Once you the information has been prepared for indexing, it needs to be formatted into a structure - it can be in the form of a surrogate record, i.e. a record within the database which acts as a 'list of records' for all the information contained in the database that you are interested in) or as an inverted file (i.e. we look at words to find documents, rather than the other way around ... looking from the inside out!)

Index structure in place ...  we can now search! Search models for information retrieval include boolean connectors (AND, OR, NOT), proximity searching (within same sentence, paragraph or phrase; word adjacency), best match results generated through ranking systems built into search engines such as Google, and simply browsing the internet (bypasses any indexes in place).
Should the preliminary search fail, we can then try a manual query modification (by adding or removing terms from the initial search query) or try an automatic query modification such as a 'show me more on this topic' which is provided for you by the search engine.

Once you have conducted a search, how do you determine how relevant the results are? You need to evaluate it.

It can be done qualitatively, from a user viewpoint (was that user was satisfied with the search results) or a sources viewpoint (how much should the user be charged for search services providing relevant results)

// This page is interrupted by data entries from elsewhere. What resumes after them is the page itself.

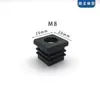 25 30 Tubo Cuadrado Plástico Ajustable Tapón Interior Pie de Elevación Tuerca de Ajuste para Patas de Mesa Silla Tapa Final para Tubo Almohadilla de Ajuste para Patas de Mesa Silla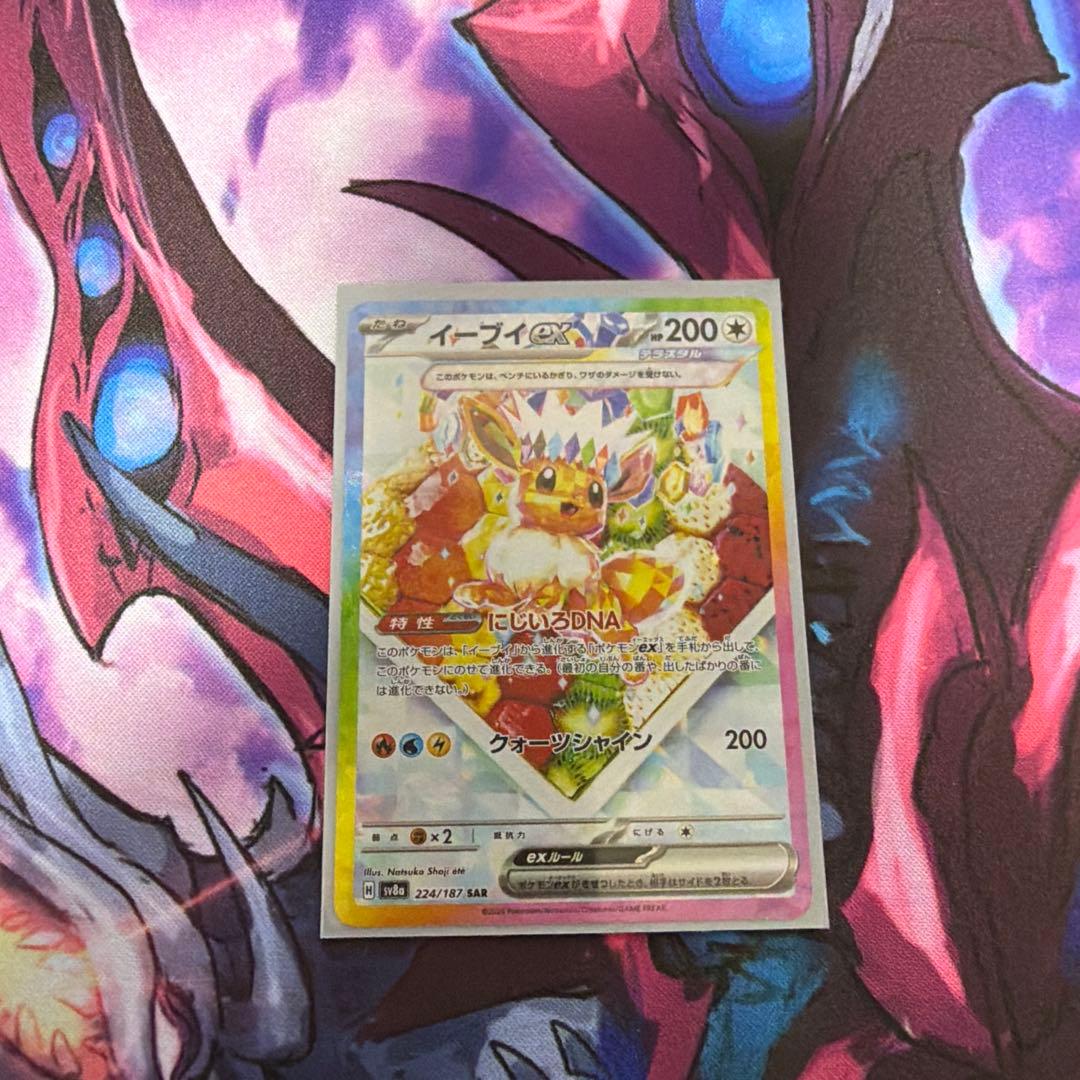 ポケモンカードまとめ売り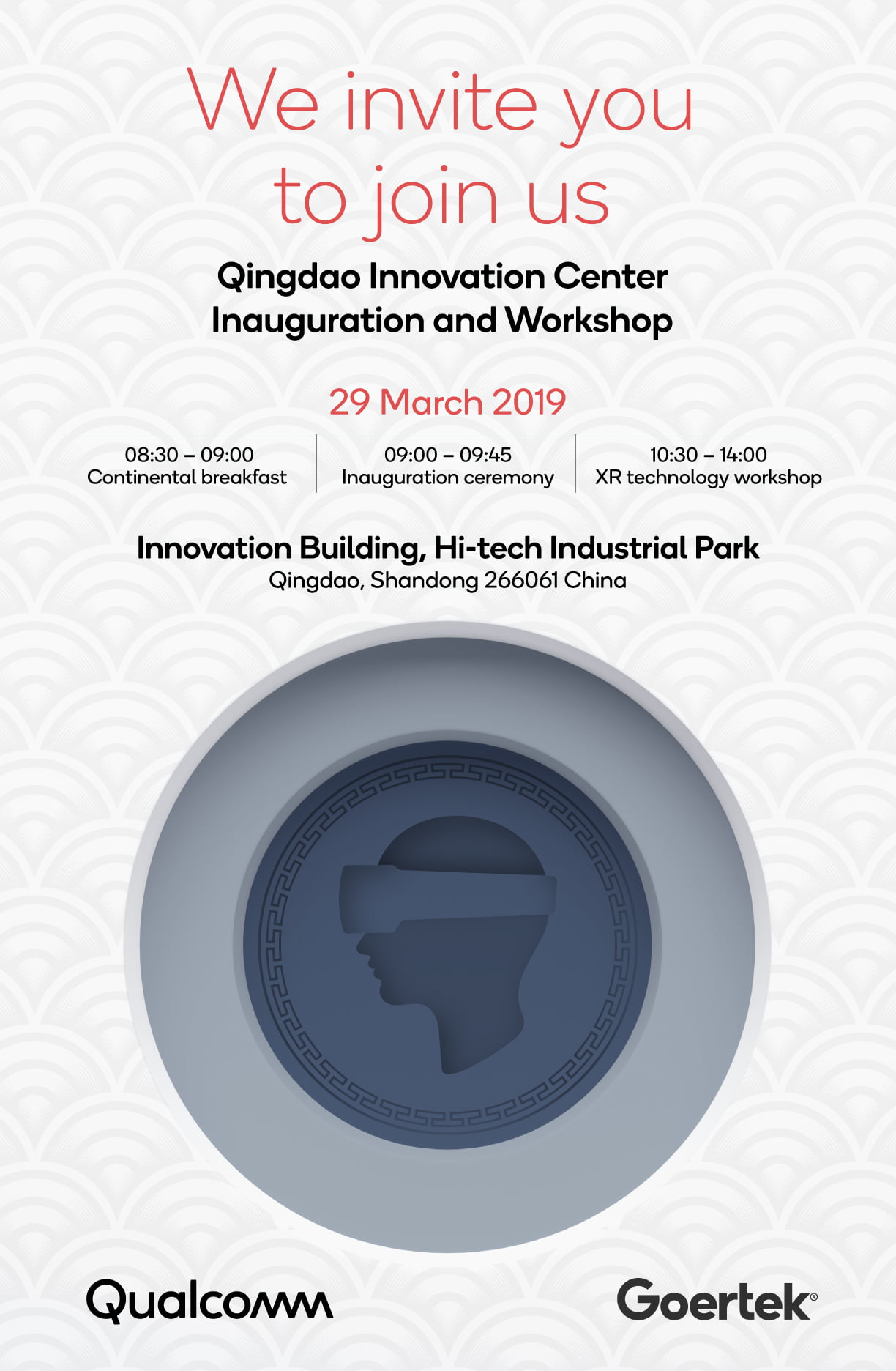 Qualcomm Innovation Invite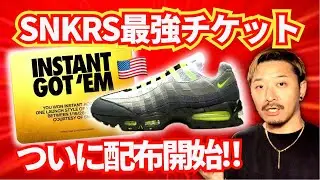 ナイキ、SNKRS全勝ちできる最強チケットを配布開始！日本も来る⁉︎ その仕組みを解説します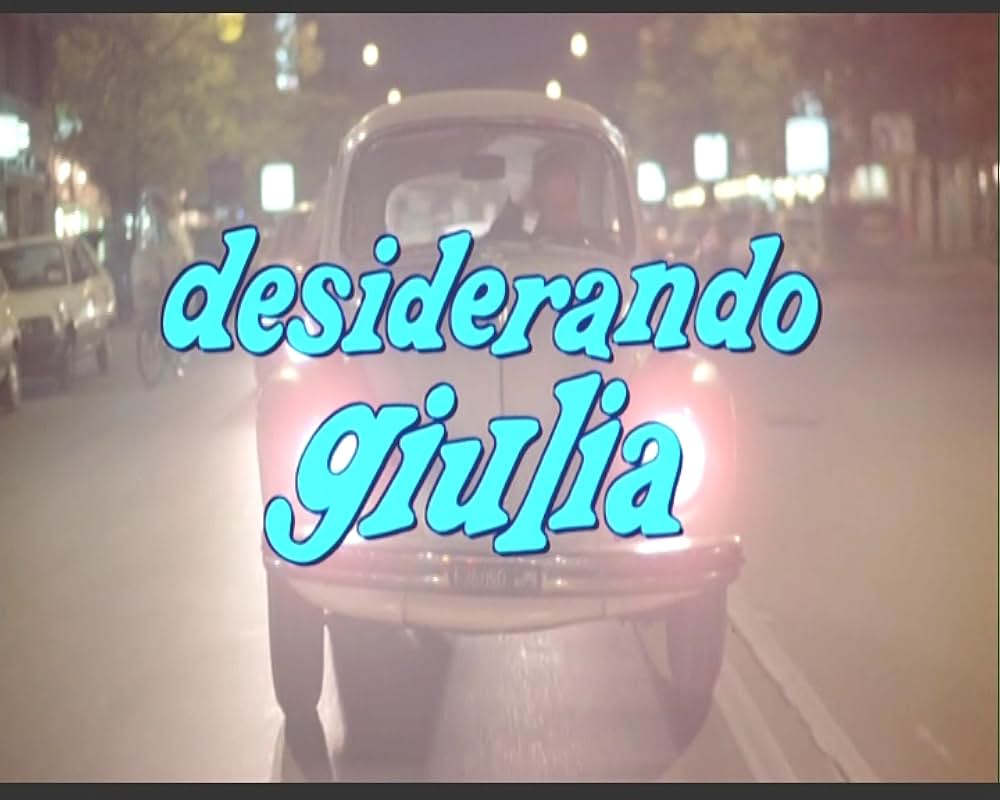 背徳の情炎の画像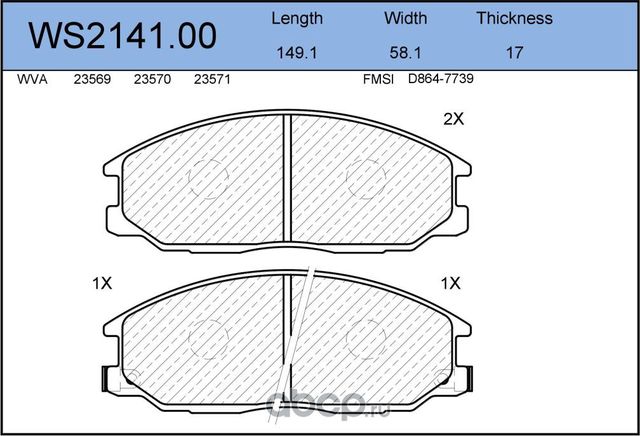 Колодки тормозные дисковые передний (Jeenice). Артикул WS214100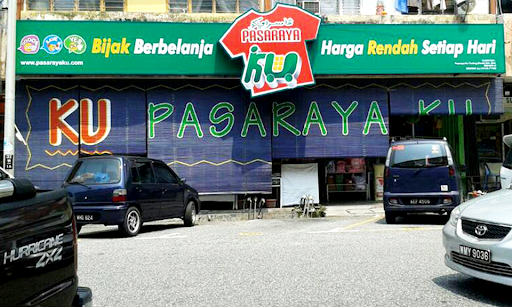 PASARAYA KU (Kampar) PASARAYA KU (Kampar)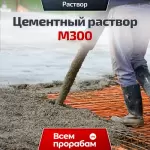 Цементный раствор М300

It can be done quantitatively from a systems viewpoint, by which we can evaluate the retrieval effectiveness and efficiency by calculating precision and recall respectively:

Precision = the proportion of retrieved documents that are relevant
   = relevant documents retrieved
      total documents returned

Recall = the proportion of relevant docs documents
   =  relevant documents retrieved
       total number of relevant documents in the database

The practical lab session allowed us to explore the exercise of  information retrieval by using two internet search engines, Google and Bing, to search for a variety of information by making search queries, then calculating the precision and recall of each engine. Because we are already well versed in searching the internet, and because I already used advanced search models such as boolean connectors for online searching, I was able to find relevant searches efficiently. The session as a whole however reinforced the need for well structured index structures and precise searching models to be in place if we are to retrieve information that is relevant to our needs at the time we need to access it.